FuguReport

Summary

This week's evaluation work pushes beyond narrow benchmark settings toward broader tests for LLM- and VLM-based agents. Across computer-use, GUI, and software-engineering domains, representative papers argue that progress now depends on benchmarks that better reflect real environments, heterogeneous tasks, and the full chain from perception and grounding to multi-step execution.

Situation

Recent papers identify evaluation as a major bottleneck for agent progress. OSWorld argues that many multimodal-agent benchmarks rely on static demonstrations or simplified environments, which cannot capture open-ended computer use across GUI and CLI interfaces, multiple applications, and mainstream operating systems. MMBench-GUI makes a similar case for GUI agents, noting that current benchmarks often test isolated capabilities, focus mainly on success rate, and lack coverage of real-world platforms and operational efficiency.

OmniCode extends this critique to software engineering, where common coding benchmarks over-focus on isolated tasks such as patch generation instead of the heterogeneous work of real development. Together, these introductions point to a field shifting toward more realistic evaluation through executable environments, cross-platform coverage, hierarchical capability breakdowns, efficiency-aware metrics, and broader task suites spanning multi-step and multi-tool workflows.

Infographic (English)

Comprehensive LLM Agent Evaluation situation infographic

Progress

CUBE: A Standard for Unifying Agent Benchmarks <See Details on Fugu-MT>

CUBE proposes a universal protocol standard that unifies access to agent benchmarks for evaluation, RL training, and data generation. Unlike earlier standalone benchmarks, it adds a shared protocol layer so compliant platforms can use any compliant benchmark without custom integration.

GUI-CEval: A Hierarchical and Comprehensive Chinese Benchmark for Mobile GUI Agents <See Details on Fugu-MT>

GUI-CEval introduces a Chinese mobile GUI benchmark built on physical devices across four device types and 201 mainstream apps. Compared with prior GUI benchmarks, it adds real-device coverage and a hierarchical five-dimension structure spanning atomic abilities to app-level tasks.

SWE-QA-Pro: A Representative Benchmark and Scalable Training Recipe for Repository-Level Code Understanding <See Details on Fugu-MT>

SWE-QA-Pro provides a benchmark for repository-level code understanding built from diverse repositories with executable environments.

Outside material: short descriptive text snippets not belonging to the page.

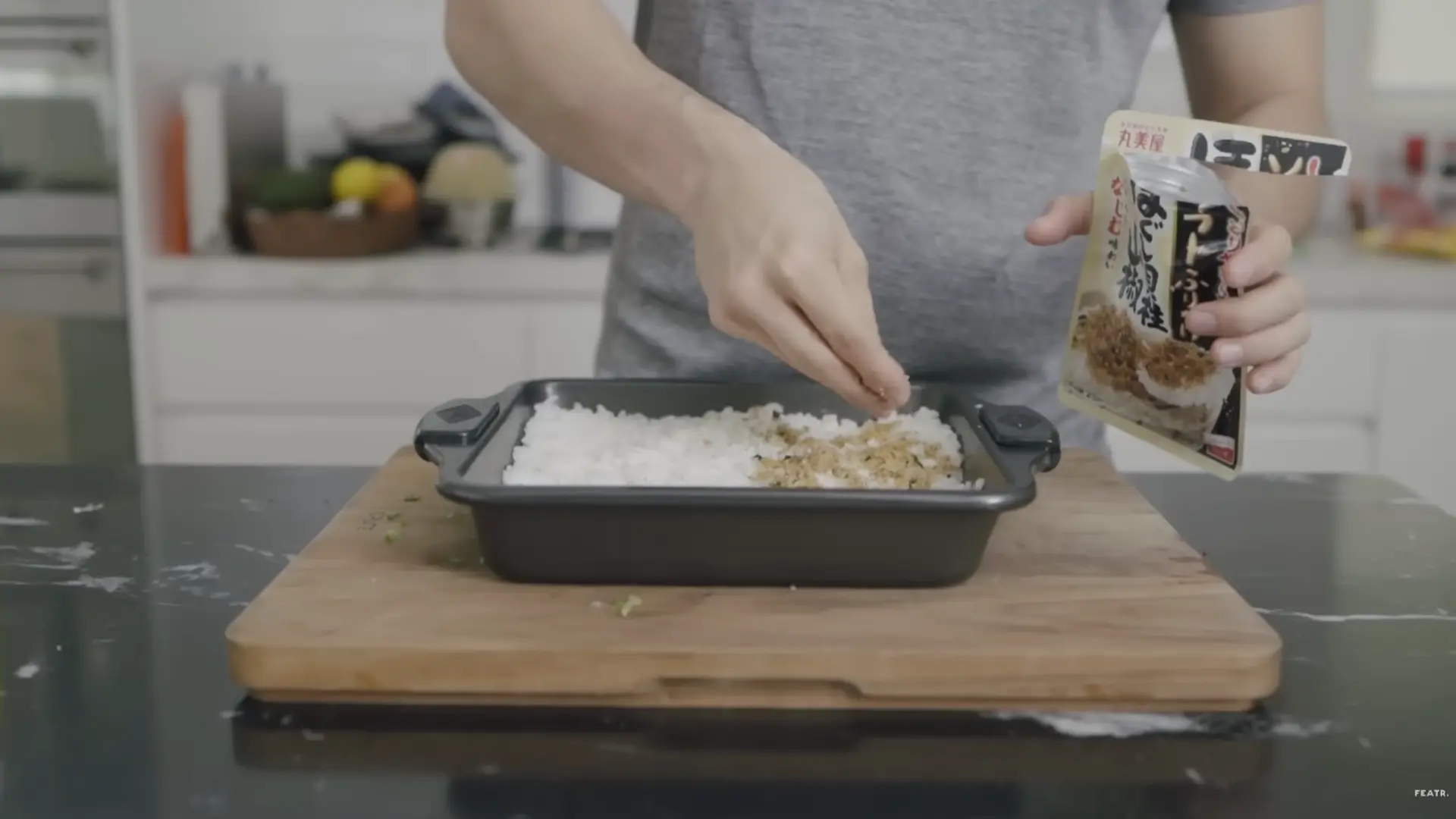 furikake seasoning being sprinkled over pressed sushi rice to add flavor and texture before layering
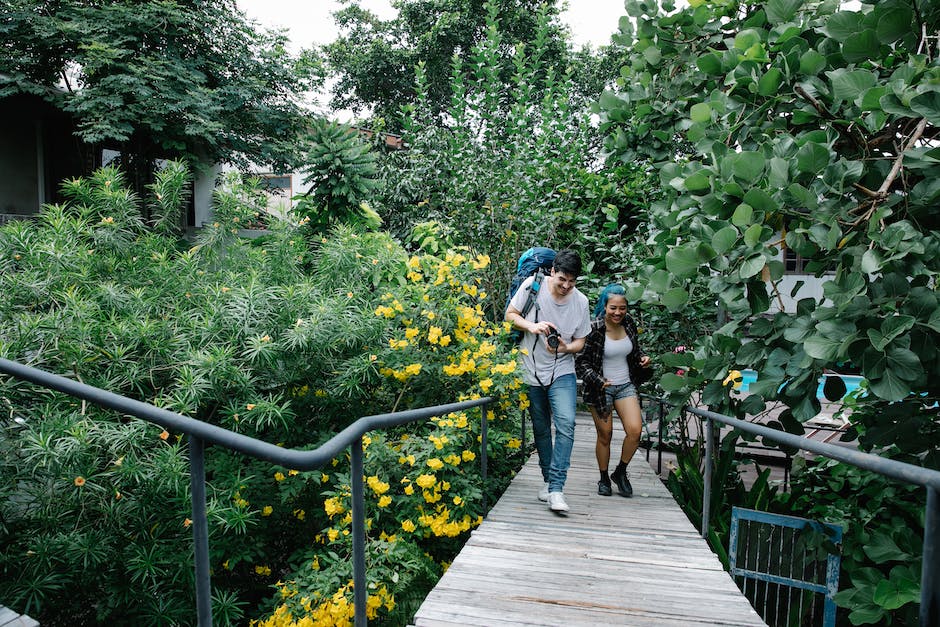 A couple walking through the lush gardens of Estancia La Jolla Hotel & Spa on a romantic getaway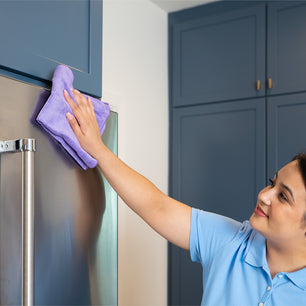 cleaner using a microfiber towel to wipe a stainless fridge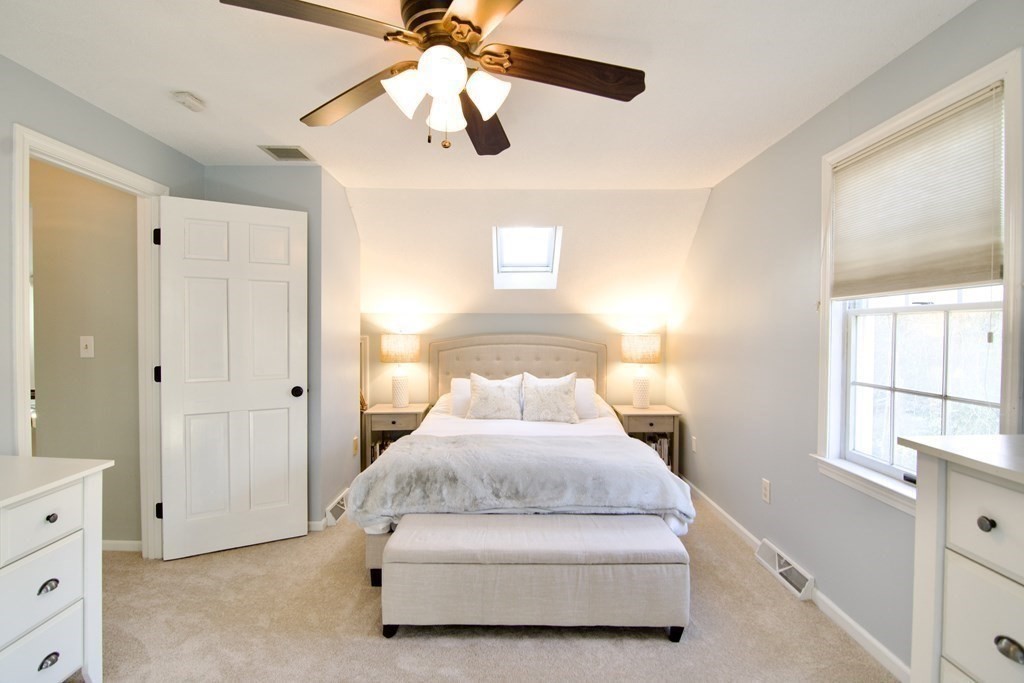215 Maynard Road Wilbraham, MA 01095 - Photo 35 of 42 a spacious bedroom with a bed and a window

Compared with narrower coding benchmarks, it shifts software-engineering evaluation toward repository-scale understanding and pairs it with a scalable training recipe.

CCTU: A Benchmark for Tool Use under Complex Constraints <See Details on Fugu-MT>

CCTU evaluates LLM tool use under complex constraints with 200 curated test cases and executable step-level constraint verification. Compared with benchmarks centered on final task success, it emphasizes constraint compliance and stepwise checking during tool-using workflows.

Outlook

The next phase of agent evaluation is likely to move toward more interoperable and diagnostic benchmark ecosystems. OSWorld and MMBench-GUI call for stronger GUI grounding, longer-context handling, memory and reflection mechanisms, broader platform coverage, and finer-grained runtime analysis. This week's progress aligns with that trajectory: CUBE offers a shared protocol layer for benchmark interoperability, GUI-CEval extends real-device GUI coverage, and CCTU adds step-level constraint verification. Near-term evaluation appears poised to emphasize executable, cross-platform settings with efficiency and error-attribution signals alongside task success.

A second direction is expansion into more heterogeneous and specialized domains. OmniCode argues for broader software-engineering task suites covering additional languages and categories such as security fixing, while SWE-QA-Pro extends evaluation to repository-scale code understanding. MMBench-GUI further notes that future work should include wider model coverage—including RL-based agents—and deeper failure analysis. The field is thus converging on benchmarks that test full workflows across desktop, mobile, coding, and domain-specific environments, with richer diagnostic signals as a basis for tracking realistic progress.

Infographic (English)

Comprehensive LLM Agent Evaluation outlook infographic

References

This page was created using generative AI such as GPT-5, Claude Opus 4, Gemini 3, Grok 4, Gemini 3.1 Flash Image, GPT-5.4 Image2, and their higher-end successor versions. No guarantee can be made regarding its contents.